From the data below, copy out every line in which the word "Knitted" occurs.

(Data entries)
'''
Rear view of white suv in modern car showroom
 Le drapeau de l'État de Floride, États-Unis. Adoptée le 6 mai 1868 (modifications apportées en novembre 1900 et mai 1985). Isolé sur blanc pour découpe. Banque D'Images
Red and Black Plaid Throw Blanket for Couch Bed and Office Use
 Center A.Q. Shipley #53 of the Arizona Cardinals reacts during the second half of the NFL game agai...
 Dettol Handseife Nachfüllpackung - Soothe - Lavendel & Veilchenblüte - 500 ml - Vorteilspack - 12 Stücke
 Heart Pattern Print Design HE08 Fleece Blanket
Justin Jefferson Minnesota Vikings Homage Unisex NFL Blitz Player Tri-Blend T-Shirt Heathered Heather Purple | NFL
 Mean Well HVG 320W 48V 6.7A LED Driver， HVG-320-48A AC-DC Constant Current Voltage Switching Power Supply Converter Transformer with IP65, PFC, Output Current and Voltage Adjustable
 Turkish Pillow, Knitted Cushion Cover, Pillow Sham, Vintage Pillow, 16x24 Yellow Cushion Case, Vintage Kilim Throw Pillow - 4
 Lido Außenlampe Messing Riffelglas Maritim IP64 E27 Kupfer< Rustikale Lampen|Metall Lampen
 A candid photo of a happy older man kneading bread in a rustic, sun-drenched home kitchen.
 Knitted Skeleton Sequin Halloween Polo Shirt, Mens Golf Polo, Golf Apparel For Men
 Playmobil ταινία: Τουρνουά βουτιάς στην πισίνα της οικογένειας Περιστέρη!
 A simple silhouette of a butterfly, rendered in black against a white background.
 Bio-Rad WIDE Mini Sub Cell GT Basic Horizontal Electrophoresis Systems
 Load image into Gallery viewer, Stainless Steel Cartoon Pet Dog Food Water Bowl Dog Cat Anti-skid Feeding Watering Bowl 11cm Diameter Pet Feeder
'''
SOLUTION TO THIS TASK:
 Turkish Pillow, Knitted Cushion Cover, Pillow Sham, Vintage Pillow, 16x24 Yellow Cushion Case, Vintage Kilim Throw Pillow - 4
 Knitted Skeleton Sequin Halloween Polo Shirt, Mens Golf Polo, Golf Apparel For Men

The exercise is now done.